--- RECORDS FOR THIS EXERCISE ---
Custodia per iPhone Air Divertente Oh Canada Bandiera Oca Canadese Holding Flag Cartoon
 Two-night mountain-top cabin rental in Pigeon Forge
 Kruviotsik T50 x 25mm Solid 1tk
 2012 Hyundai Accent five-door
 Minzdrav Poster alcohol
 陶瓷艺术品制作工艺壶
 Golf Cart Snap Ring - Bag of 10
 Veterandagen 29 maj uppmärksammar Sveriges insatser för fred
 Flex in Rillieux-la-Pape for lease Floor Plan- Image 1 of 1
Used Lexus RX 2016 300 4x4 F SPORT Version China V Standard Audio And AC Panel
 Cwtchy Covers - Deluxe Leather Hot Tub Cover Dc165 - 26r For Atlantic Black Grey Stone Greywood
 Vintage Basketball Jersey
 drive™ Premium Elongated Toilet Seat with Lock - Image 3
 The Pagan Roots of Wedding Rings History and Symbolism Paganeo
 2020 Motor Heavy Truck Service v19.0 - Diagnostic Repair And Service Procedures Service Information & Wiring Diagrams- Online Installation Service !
---
YOUR TASK:
Within the listing above, extract exactly the lines from the line with "Cwtchy Covers - Deluxe" to the line with "The Pagan Roots", the two named lines included, and no others.

ANSWER:
 Cwtchy Covers - Deluxe Leather Hot Tub Cover Dc165 - 26r For Atlantic Black Grey Stone Greywood
 Vintage Basketball Jersey
 drive™ Premium Elongated Toilet Seat with Lock - Image 3
 The Pagan Roots of Wedding Rings History and Symbolism Paganeo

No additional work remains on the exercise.